Per rimanere nell’ambito dell’Opera, nel saggio possiamo imbatterci nei Pagliacci di Ruggero Leoncavallo, quando Taddeo canta: soli noi siamo/ e senza alcun sospetto!… . La citazione operata dal musicista (che in questo caso è anche poeta per musica!), riproposta dall’autrice, è inequivocabile. L’episodio dantesco di Paolo e Francesca (Inferno, Canto V) costituisce una fonte riscrittura ipotestuale che appartiene alla “memoria” di chi sta scrivendo il libretto, la cui restituzione può essere letta, non solo nella prospettiva della già richiamata intertestualità,  ma anche quale miglior frutto di un processo cognitivo – per dirla con S. F. Larsen – innescato dalla risonanza personale e della rievocazione intertestuale. La voce di Desdemona nell’Otello di Gioachino Rossini, nei versi di Francesco Maria Berio ne è l’ulteriore testimonianza: Oh come infinito al cuor/ giungono quei dolci accenti!/ Chi sei che così canti? Ah tu rammenti/ lo stato mio crudel! (da Nessun maggior dolore/ che ricordarsi del tempo felice…). Franca Oliva Fusco è consapevole del grande tesoro linguistico della Commedia. Non a caso nella sua “necessaria introduzione” cita Tullio De Mauro: il cuore dell’italiano (inteso come lingua) è ancora dantesco. Ovvero è dantesco.

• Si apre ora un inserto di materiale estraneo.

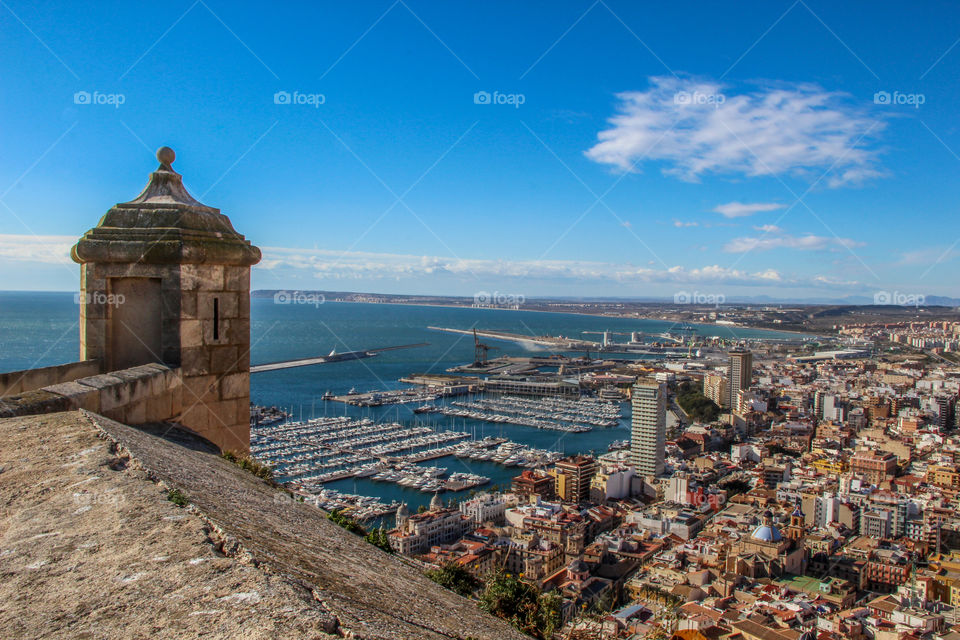 View of Alicante harbor from the Castle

La lingua della poesia, infatti, non lasciò indenne la versificazione del Melodramma che per più di duecento anni ne costituì  la “quintessenza” (cit. L. Serianni), tanto da formarne la facies più conservativa. Ce ne accorgiamo quando leggiamo, nel libretto di La Traviata, il verbo dantesco trasvolare che, messo in bocca a Violetta nella cabaletta del finale del Primo Atto da Francesco Maria Piave già a Giuseppe Verdi cominciava a “suonare” irrealistico e poco confacente al personaggio, tanto da generare una delle più famose  “variante in partitura” e sostituito, come fu, dal verbo folleggiare che, viceversa,  ascoltiamo nelle esecuzioni sin dal 1853. L’autrice di questo saggio ha il merito, dunque, di cavare dall’ombra tanta letteratura che costituisce la “memoria fondativa” della nostra Cultura e sprona ad una riflessione sulla Lingua italiana, per il suo continuo divenire, per le sue sfumature, per il prevalere del “parlato”,  ma affezionata – come diceva Giovanni Nencioni – alla costanza dell’antico.